15675. He put it on himself as representing his 7.30 position?
- Yes.

15676. Then for the purpose of working out what your position was when the collision occurred did you actually have recourse to the chart?
- None whatever. I had the 7.30 position in my work book.

15677. You had a note of it?
- Yes.

15678. You would not have to return to look at the chart after the accident?
- No, I had used that same position two or three times after giving it to the Captain, and that same course I used two or three times after giving it to the Captain as well, between 10 o'clock and the time of the collision, for the purpose of working up stellar deviations.

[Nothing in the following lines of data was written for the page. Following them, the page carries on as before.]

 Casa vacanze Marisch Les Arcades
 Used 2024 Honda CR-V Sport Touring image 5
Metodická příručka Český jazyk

15679. That is to say checking where you were?
- No, checking the compass error.

15680. Did I understand you to tell one of my friends that it was you who had marked upon the Captain's chart the position of ice as reported?
- Yes.

15681. I am going to ask the Court to allow me to read to them in order of time some messages which we can prove got to your ship, and I will ask you if you remember them. First of all, you remember the "La Touraine" message?
- Yes.

15682. Which was two days before I think, on the 12th?
- I do not remember the date exactly, but I think it was about a couple of days previous.

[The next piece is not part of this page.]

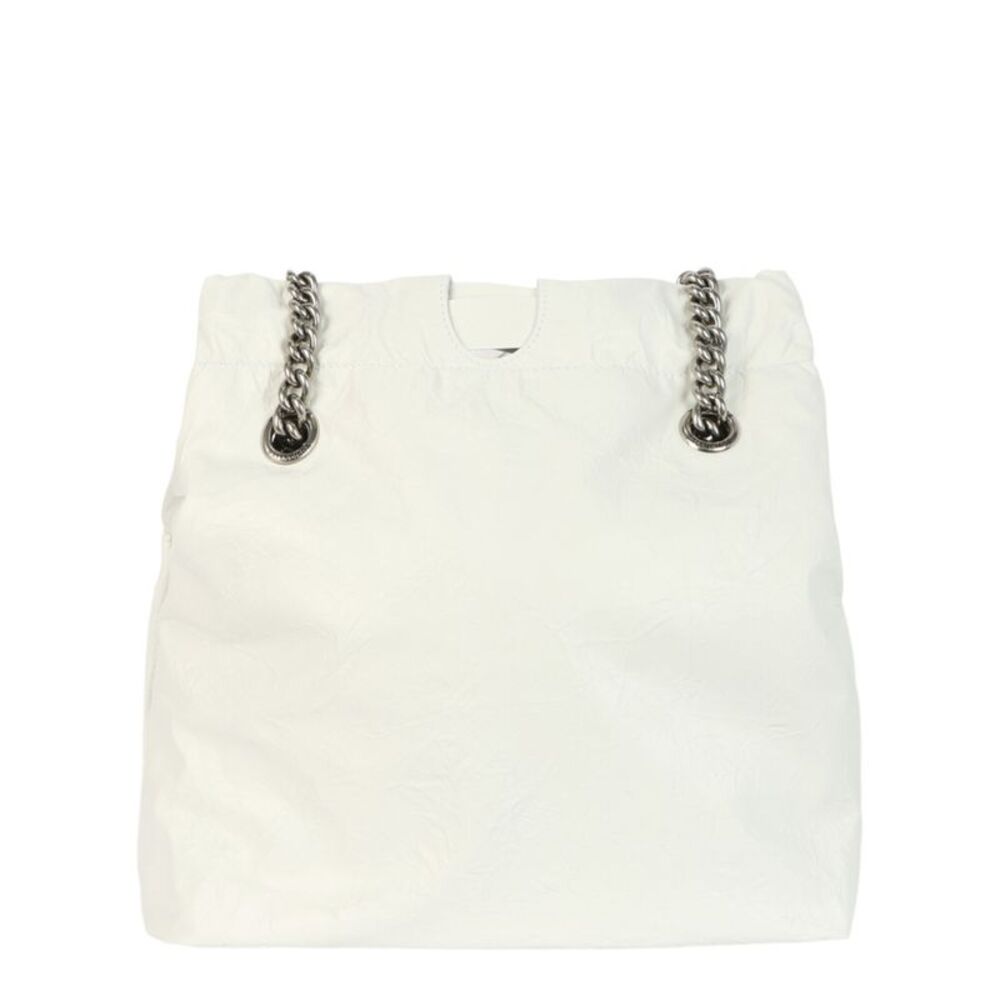 Balenciaga Crush Small Tote Bag Womens - Picture 8 of 8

15683. Then do you remember the "Caronia" message?
- I remember the "Caronia" message; I remember having that, and I pinned that on the board.

15684. Do you remember any other message about ice or whether there was any ice?
- There were others, but I cannot remember, and I cannot fix the place.

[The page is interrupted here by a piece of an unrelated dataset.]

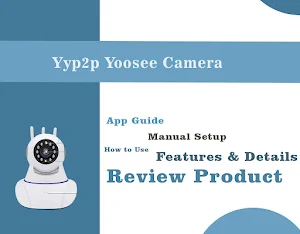 Yyp2p Yoosee Cam instruction Screenshot 2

15685. Let us be careful about this. Did you say there were others?
- Yes, there were others.

15686. Do you mean there were more than three; I mean there was the "La Touraine," and the "Caronia"?
- There were some positions we had and I fancy we got them leaving Queenstown or got them leaving Southampton.

15687. I mean after "La Touraine"?
- Yes, there was another one, but I cannot remember what it was after "La Touraine."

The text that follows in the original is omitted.